Von Melanie VogtAktualisiert am 24. März 20266 Min. Lesezeit

Was deckt eine Rechtsschutzversicherung ab? Welche Kosten sie übernimmt, welche Bausteine es gibt, was ausgeschlossen ist und worauf Sie im Tarif achten sollten.

Was deckt eine Rechtsschutzversicherung ab? Leistungen im Überblick
Inhaltsverzeichnis
  1. Welche Kosten die Versicherung übernimmt
  2. Die vier Bausteine, aus denen sich Ihr Schutz zusammensetzt
  3. Was eine Rechtsschutzversicherung nicht zahlt
  4. Wartezeiten: warum der Schutz nicht sofort greift
  5. Was das Ganze kostet und was die Selbstbeteiligung bewirkt
  6. Die Deckungszusage: der Schritt, den die meisten falsch machen

Letzte Woche saß bei mir ein Kunde, der seit elf Jahren brav seine Rechtsschutzpolice zahlt und ehrlich glaubte, sie würde seine Scheidung übernehmen. Tut sie nicht. Solche Missverständnisse erlebe ich ständig, und sie kommen fast immer daher, dass niemand die Bedingungen liest, bis es ernst wird. Deshalb hier einmal nüchtern und ohne Werbesprech, was so eine Versicherung tatsächlich bezahlt.

Welche Kosten die Versicherung übernimmt

Im Kern ist eine Rechtsschutzversicherung eine Kostenübernahme, kein Anwalt. Sie schickt Ihnen niemanden, sie zahlt die Rechnungen, die ein Rechtsstreit produziert. Und davon gibt es in Deutschland eine ganze Reihe.

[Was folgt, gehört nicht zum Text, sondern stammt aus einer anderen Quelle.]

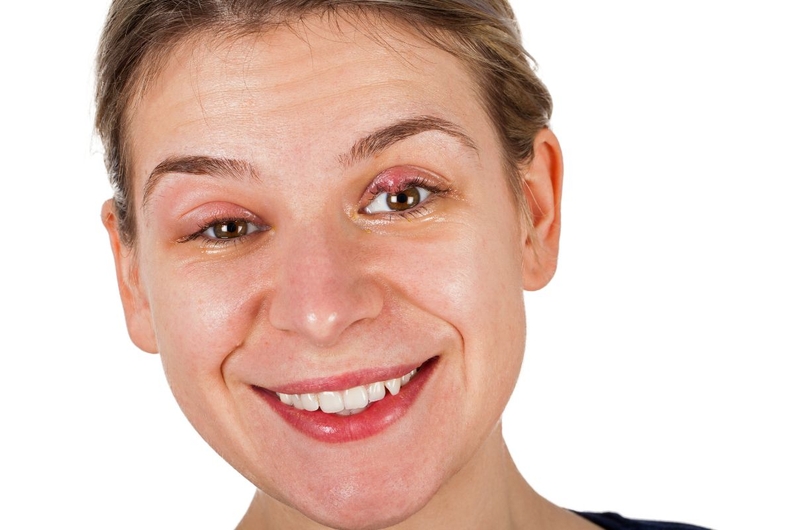 Mắt bị cộm mí trên: Nguyên nhân và cách điều trị 2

Konkret sind das in den meisten Tarifen:

  • die Gebühren Ihres eigenen Anwalts nach dem Rechtsanwaltsvergütungsgesetz
  • die Gerichtskosten, also die Gebühren des Gerichts selbst
  • Kosten für Sachverständige und Gutachter, die das Gericht beauftragt
  • Zeugenentschädigungen
  • bei einem verlorenen Prozess die Anwalts- und Gerichtskosten der Gegenseite
  • in vielen Tarifen eine Strafkaution im Ausland als Darlehen
  • oft auch eine telefonische oder schriftliche Erstberatung durch einen Anwalt

Der letzte Posten in der Liste der gegnerischen Kosten ist der entscheidende. Bei uns gilt: Wer verliert, zahlt im Zivilprozess beide Seiten. Bei einem Streitwert von 15.000 Euro können in zwei Instanzen schnell 8.000 bis 10.000 Euro zusammenkommen, eigene und fremde Kosten zusammengerechnet. Genau dieses Risiko nimmt Ihnen die Police ab, nicht das Honorar eines einzelnen Beratungsgesprächs.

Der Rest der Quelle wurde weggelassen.